> **Information supplied**
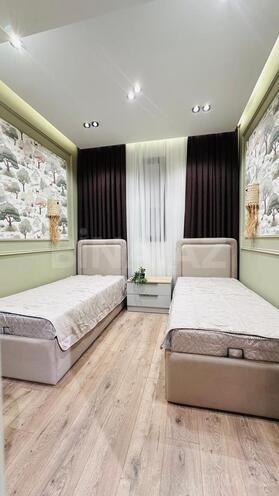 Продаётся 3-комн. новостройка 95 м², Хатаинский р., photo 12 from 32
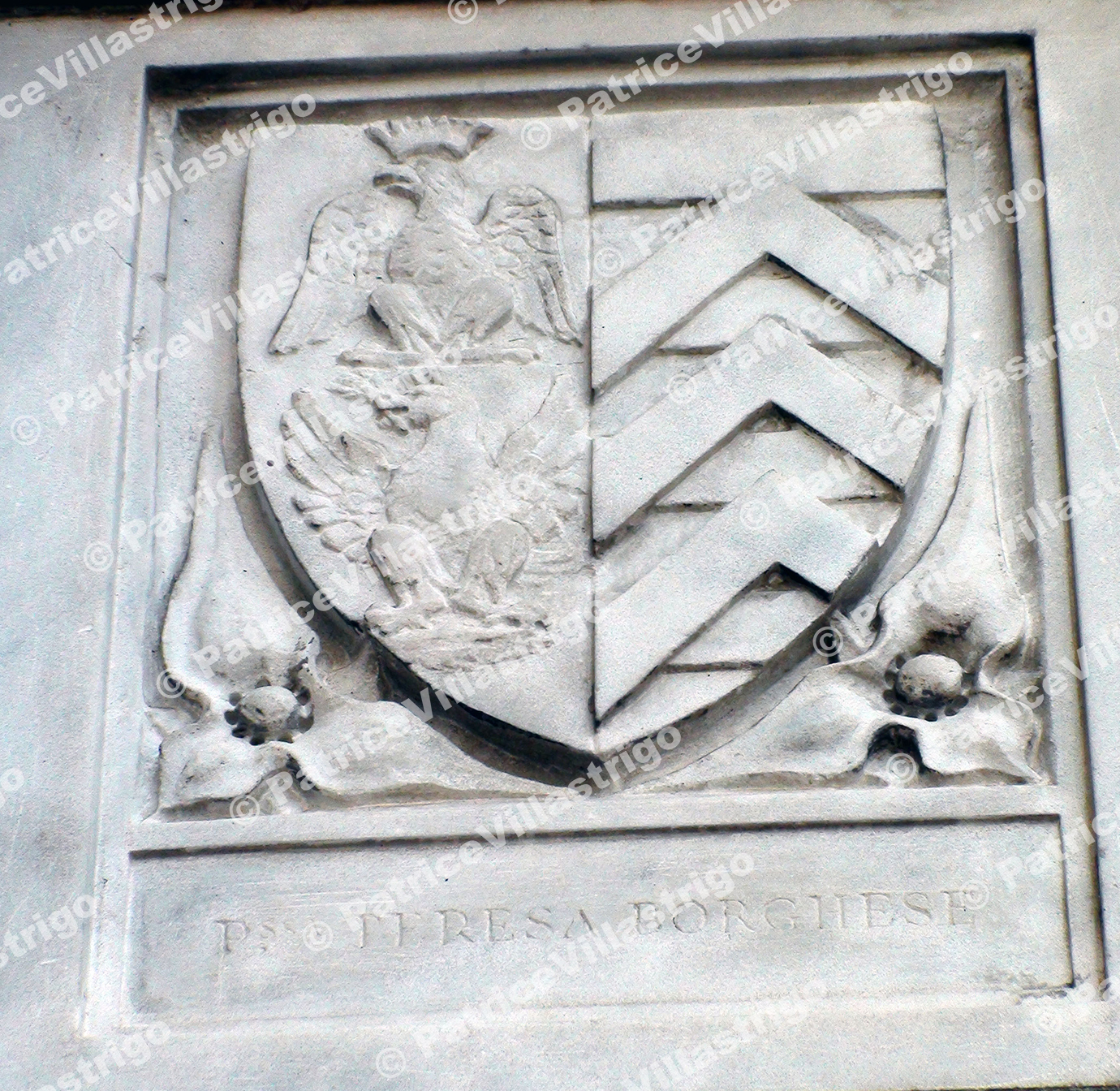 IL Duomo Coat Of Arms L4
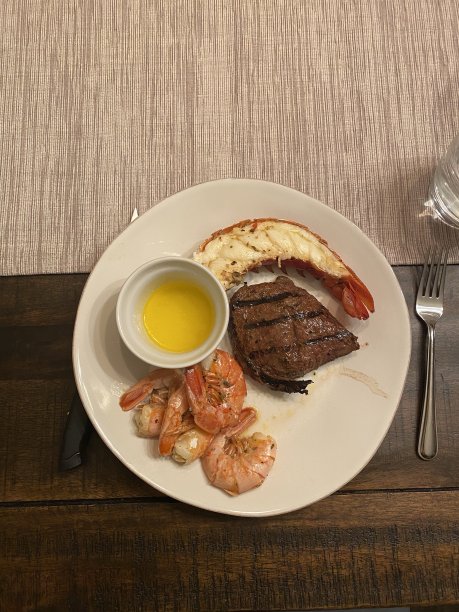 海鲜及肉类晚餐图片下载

> **Task description**
Every line above should be returned word for word, with the pictures left behind.

> **Result**
 Продаётся 3-комн. новостройка 95 м², Хатаинский р., photo 12 from 32
 IL Duomo Coat Of Arms L4
 海鲜及肉类晚餐图片下载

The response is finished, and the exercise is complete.